PROBLEM DETAILS:
Within the records below, reproduce without change the lines from the line that has "Organic Cotton Recycled" through the line that has "Waterdichte 6 inch", and only those.
Segment Open
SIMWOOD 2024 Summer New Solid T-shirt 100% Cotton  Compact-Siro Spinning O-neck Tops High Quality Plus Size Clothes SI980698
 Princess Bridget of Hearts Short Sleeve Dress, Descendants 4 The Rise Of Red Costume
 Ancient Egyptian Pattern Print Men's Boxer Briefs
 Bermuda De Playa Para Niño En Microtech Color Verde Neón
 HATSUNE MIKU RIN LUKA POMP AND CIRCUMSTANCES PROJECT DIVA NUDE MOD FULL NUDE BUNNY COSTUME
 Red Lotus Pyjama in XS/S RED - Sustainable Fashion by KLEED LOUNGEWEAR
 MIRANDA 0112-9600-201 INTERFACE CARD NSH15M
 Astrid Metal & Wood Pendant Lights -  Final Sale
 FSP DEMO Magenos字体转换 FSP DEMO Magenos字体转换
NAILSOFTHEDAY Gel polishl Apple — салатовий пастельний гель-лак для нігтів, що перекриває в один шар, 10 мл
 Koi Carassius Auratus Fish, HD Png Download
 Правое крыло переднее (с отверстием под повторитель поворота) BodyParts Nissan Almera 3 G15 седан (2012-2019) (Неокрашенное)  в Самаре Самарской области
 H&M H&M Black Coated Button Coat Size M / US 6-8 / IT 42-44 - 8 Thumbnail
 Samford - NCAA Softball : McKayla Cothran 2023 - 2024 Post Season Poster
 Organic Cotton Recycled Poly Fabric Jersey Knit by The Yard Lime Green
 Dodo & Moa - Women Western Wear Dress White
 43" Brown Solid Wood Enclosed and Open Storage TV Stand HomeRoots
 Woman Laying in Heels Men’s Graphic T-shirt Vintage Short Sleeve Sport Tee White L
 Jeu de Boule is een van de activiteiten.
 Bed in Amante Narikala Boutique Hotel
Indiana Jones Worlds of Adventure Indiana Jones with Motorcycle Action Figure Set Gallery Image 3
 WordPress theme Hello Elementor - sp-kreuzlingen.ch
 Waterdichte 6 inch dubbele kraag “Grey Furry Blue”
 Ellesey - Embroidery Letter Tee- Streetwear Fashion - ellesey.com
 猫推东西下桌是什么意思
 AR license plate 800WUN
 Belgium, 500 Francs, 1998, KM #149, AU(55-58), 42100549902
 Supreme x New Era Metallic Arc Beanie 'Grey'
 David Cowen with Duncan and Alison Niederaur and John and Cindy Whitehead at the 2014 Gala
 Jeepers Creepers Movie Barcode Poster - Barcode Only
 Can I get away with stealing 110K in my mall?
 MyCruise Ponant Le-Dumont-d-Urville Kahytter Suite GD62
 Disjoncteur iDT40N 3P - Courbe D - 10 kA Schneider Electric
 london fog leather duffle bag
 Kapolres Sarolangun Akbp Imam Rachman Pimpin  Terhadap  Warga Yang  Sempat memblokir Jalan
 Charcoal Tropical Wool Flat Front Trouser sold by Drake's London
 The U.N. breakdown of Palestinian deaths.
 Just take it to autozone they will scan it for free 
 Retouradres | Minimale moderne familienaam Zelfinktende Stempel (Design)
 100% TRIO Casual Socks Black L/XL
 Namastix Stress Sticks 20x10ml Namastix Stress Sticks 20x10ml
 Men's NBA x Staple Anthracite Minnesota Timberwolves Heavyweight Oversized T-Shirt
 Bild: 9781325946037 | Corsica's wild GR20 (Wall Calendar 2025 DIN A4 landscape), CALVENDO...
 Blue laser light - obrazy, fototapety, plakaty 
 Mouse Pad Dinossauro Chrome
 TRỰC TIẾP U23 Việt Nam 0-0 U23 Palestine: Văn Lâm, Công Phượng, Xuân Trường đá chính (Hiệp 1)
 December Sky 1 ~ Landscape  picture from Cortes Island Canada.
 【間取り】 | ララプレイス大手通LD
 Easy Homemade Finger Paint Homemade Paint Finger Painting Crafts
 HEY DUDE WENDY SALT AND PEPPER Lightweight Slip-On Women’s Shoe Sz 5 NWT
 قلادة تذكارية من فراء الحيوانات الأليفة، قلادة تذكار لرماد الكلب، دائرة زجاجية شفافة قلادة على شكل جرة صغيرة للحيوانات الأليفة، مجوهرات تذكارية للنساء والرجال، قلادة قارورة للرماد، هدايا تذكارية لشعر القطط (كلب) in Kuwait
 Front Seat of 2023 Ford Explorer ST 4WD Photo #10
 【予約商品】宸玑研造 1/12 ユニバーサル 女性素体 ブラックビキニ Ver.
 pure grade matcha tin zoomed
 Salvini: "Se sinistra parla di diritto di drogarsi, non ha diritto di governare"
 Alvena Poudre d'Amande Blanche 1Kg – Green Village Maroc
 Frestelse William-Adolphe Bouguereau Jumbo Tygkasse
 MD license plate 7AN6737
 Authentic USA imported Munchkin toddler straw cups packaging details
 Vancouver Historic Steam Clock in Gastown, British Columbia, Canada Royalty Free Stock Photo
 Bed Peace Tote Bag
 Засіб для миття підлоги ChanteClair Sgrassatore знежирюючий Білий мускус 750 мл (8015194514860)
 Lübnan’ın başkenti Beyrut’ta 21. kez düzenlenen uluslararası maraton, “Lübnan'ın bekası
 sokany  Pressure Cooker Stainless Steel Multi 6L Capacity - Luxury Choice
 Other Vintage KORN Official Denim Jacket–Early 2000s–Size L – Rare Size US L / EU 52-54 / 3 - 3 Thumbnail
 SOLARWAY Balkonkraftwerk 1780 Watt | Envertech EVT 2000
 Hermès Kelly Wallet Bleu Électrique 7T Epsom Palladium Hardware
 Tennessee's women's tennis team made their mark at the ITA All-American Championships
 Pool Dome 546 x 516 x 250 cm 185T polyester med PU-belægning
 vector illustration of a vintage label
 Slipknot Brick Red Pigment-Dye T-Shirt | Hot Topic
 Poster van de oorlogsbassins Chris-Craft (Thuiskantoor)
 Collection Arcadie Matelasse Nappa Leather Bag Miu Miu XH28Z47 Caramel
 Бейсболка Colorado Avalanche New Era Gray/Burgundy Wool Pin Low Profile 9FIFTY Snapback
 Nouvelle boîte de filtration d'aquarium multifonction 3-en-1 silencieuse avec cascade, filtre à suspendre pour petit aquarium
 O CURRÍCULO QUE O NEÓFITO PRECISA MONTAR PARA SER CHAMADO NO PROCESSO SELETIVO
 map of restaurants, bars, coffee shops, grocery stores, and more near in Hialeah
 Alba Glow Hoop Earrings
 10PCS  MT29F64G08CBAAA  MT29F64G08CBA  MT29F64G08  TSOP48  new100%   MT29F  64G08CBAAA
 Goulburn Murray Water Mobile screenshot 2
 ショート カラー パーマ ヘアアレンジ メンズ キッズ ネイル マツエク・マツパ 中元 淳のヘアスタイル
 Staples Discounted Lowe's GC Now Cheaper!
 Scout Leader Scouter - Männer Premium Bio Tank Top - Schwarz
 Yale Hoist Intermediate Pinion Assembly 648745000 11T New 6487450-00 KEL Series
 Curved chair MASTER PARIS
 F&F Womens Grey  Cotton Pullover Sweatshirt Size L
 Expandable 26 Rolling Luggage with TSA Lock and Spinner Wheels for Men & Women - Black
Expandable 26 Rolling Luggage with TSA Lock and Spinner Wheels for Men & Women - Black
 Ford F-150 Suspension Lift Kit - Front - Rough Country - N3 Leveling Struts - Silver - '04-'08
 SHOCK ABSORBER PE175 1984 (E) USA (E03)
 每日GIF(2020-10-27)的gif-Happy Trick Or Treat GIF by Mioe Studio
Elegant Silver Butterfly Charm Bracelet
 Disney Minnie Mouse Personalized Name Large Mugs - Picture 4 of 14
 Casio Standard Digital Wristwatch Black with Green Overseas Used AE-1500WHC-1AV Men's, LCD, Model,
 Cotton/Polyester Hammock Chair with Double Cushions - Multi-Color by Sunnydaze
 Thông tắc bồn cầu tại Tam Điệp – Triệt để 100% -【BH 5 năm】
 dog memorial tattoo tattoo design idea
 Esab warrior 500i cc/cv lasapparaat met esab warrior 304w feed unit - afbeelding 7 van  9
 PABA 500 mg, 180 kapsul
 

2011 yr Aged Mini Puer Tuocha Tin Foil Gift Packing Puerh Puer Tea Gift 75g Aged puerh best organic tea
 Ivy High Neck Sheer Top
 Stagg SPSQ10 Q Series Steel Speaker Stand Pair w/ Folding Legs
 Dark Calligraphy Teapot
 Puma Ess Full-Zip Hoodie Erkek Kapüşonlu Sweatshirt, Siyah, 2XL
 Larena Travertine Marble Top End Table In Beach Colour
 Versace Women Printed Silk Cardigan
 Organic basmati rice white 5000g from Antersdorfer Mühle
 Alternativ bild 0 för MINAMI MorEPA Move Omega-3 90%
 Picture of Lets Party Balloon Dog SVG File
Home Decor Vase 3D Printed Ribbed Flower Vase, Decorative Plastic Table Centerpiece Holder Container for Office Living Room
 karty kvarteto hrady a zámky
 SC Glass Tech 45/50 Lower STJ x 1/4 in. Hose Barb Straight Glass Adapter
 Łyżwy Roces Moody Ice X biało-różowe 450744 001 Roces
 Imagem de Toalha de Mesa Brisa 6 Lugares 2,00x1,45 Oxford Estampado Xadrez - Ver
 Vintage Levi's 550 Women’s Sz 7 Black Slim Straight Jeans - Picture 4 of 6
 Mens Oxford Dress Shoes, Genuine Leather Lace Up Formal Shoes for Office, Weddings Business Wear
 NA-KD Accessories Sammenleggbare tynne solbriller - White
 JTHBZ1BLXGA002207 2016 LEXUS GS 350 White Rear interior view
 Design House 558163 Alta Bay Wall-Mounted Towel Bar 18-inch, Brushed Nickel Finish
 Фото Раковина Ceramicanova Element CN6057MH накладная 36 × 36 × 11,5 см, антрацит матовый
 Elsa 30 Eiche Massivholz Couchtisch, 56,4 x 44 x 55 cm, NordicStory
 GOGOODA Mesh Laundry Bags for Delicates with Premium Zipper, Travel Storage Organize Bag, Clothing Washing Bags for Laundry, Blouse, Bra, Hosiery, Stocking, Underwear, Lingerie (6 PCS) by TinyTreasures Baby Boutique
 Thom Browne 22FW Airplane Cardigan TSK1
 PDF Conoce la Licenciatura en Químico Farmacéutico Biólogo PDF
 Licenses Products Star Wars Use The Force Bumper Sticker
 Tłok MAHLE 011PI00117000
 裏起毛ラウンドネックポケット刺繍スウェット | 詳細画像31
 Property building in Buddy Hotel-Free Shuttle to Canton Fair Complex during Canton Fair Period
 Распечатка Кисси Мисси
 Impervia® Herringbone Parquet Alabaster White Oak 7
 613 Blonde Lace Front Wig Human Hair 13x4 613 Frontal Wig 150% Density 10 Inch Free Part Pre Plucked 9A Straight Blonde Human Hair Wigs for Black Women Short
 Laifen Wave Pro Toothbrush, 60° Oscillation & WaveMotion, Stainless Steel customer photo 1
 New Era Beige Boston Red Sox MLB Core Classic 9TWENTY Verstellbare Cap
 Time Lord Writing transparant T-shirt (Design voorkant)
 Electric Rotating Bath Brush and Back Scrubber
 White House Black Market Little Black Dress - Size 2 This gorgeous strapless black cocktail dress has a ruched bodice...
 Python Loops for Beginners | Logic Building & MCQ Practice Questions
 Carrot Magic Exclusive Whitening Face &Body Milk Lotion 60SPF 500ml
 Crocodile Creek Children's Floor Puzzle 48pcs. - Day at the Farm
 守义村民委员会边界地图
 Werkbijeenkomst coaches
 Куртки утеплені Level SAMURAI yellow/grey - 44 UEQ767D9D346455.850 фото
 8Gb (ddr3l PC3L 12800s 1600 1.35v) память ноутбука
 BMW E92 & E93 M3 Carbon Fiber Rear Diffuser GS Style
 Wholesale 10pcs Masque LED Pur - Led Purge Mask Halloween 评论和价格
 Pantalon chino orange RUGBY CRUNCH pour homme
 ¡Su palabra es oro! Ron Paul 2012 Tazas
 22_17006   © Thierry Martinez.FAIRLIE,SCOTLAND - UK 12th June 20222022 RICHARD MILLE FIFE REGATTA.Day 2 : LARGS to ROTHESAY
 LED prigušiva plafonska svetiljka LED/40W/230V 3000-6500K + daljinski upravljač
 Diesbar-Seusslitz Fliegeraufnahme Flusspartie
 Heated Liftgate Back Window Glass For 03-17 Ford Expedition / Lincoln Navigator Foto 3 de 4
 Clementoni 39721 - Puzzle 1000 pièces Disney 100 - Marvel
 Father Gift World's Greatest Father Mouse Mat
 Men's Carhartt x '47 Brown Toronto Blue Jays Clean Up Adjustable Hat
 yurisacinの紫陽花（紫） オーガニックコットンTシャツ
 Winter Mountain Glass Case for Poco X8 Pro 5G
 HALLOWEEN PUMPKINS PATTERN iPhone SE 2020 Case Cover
Segment Closed
YOUR SOLUTION:
 Organic Cotton Recycled Poly Fabric Jersey Knit by The Yard Lime Green
 Dodo & Moa - Women Western Wear Dress White
 43" Brown Solid Wood Enclosed and Open Storage TV Stand HomeRoots
 Woman Laying in Heels Men’s Graphic T-shirt Vintage Short Sleeve Sport Tee White L
 Jeu de Boule is een van de activiteiten.
 Bed in Amante Narikala Boutique Hotel
Indiana Jones Worlds of Adventure Indiana Jones with Motorcycle Action Figure Set Gallery Image 3
 WordPress theme Hello Elementor - sp-kreuzlingen.ch
 Waterdichte 6 inch dubbele kraag “Grey Furry Blue”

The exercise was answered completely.